La part du pétrole dans la production mondiale d’énergie a diminué au cours des 30 dernières années : en 2004, elle représente le tiers de la production contre environ la moitié en 1973. Les pays de la zone OCDE sont devenus moins dépendants du pétrole grâce à des moyens de transport et de chauffage plus économes, un recours accru au gaz et au nucléaire et une montée en puissance des services. Conséquence logique de cette plus grande autonomie vis-à-vis du pétrole - à l’exception des pays en voie de développement -, l’inflation est de moins en moins sensible à l’évolution des cours de l’or noir. De plus, dans un contexte de mondialisation et de concurrence accrue, les entreprises sont davantage tenues de limiter la répercussion de la hausse de leurs coûts de production sur leurs prix de vente.

Quelles conséquences en 2005, et à plus long terme ?

L’impact de la hausse du prix du pétrole sur le projet de budget pour 2005 a donné lieu à débat, notamment au Parlement. Le projet de loi de finances est en effet fondé sur une hypothèse de croissance de 2,5%. Estimant la hausse des cours du pétrole de nature conjoncturelle, le gouvernement a apporté des aides ponctuelles pour certaines professions particulièrement touchées comme les marins pêcheurs, les transporteurs routiers et les agriculteurs.

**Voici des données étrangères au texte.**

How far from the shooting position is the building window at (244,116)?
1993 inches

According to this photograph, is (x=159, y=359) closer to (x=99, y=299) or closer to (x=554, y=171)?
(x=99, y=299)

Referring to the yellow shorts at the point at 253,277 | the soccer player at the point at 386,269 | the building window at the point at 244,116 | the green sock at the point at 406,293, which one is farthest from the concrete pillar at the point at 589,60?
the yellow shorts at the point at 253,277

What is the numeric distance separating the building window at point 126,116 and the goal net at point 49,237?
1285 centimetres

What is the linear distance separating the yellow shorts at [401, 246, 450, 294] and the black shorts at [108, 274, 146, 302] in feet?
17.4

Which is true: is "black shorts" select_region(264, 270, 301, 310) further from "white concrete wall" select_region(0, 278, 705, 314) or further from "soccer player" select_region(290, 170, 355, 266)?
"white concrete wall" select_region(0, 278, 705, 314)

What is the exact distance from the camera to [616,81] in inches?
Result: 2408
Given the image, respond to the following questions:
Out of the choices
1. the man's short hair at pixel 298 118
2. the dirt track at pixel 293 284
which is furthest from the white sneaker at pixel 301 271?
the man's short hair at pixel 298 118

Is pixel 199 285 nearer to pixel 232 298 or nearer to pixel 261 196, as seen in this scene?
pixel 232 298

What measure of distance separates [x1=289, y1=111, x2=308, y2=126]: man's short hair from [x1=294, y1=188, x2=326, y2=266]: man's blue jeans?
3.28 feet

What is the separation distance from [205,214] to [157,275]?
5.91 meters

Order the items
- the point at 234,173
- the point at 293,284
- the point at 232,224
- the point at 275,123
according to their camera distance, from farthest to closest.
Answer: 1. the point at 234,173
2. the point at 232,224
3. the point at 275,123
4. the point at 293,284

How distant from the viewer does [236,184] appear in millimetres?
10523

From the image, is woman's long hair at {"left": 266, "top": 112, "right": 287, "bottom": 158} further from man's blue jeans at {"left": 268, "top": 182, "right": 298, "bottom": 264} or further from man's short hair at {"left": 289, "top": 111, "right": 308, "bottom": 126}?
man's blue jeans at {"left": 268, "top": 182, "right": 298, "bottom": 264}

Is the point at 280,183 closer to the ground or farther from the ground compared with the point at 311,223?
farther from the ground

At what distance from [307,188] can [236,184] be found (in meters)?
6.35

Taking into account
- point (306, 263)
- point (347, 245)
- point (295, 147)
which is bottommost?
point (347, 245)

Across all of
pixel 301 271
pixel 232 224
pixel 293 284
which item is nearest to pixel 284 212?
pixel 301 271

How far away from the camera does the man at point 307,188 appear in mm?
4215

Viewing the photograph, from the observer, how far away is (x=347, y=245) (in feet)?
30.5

Parmi les analyses qui confortent cette position sur le caractère conjoncturel de l’envolée des cours du pétrole figurent les projections faites par le ministère de l’économie et par l’Agence internationale de l’énergie (AIE) et l’OCDE. Pour le ministère, une augmentation de 20% début 2006 (le baril de Brent passant de 35 dollars à 42 en moyenne) se traduirait par un ralentissement de la croissance de 0,1 point en 2006 puis 0,2 point en 2007 et 2008. Avec une augmentation d’un demi-point de l’inflation au bout de 2 ans, l’effet sur les finances publiques serait quasi nul. La Direction générale de l’énergie et des matières premières considère que l’envolée des cours constatée en 2004 n’a encore produit ni effet baissier sur la demande ni augmentation de l’effort d’exploration de la part des compagnies pétrolières. Selon l’AIE et l’OCDE, une hausse de 10 dollars par baril coûterait aux pays de l’OCDE 0,4 point de croissance (-0,12 pour la France en raison de son parc nucléaire).

A plus long terme, quel effet aura la hausse du prix du pétrole ? A l’horizon 2050, toutes les prévisions indiquent que l’accroissement de la demande d’énergie primaire se poursuivra à un rythme soutenu dans les prochaines décennies et que la part du pétrole dans ces besoins restera prédominante. La hausse de la demande de pétrole accélérera l’épuisement de la ressource, les nouvelles découvertes de gisements pétroliers étant de plus en plus rares.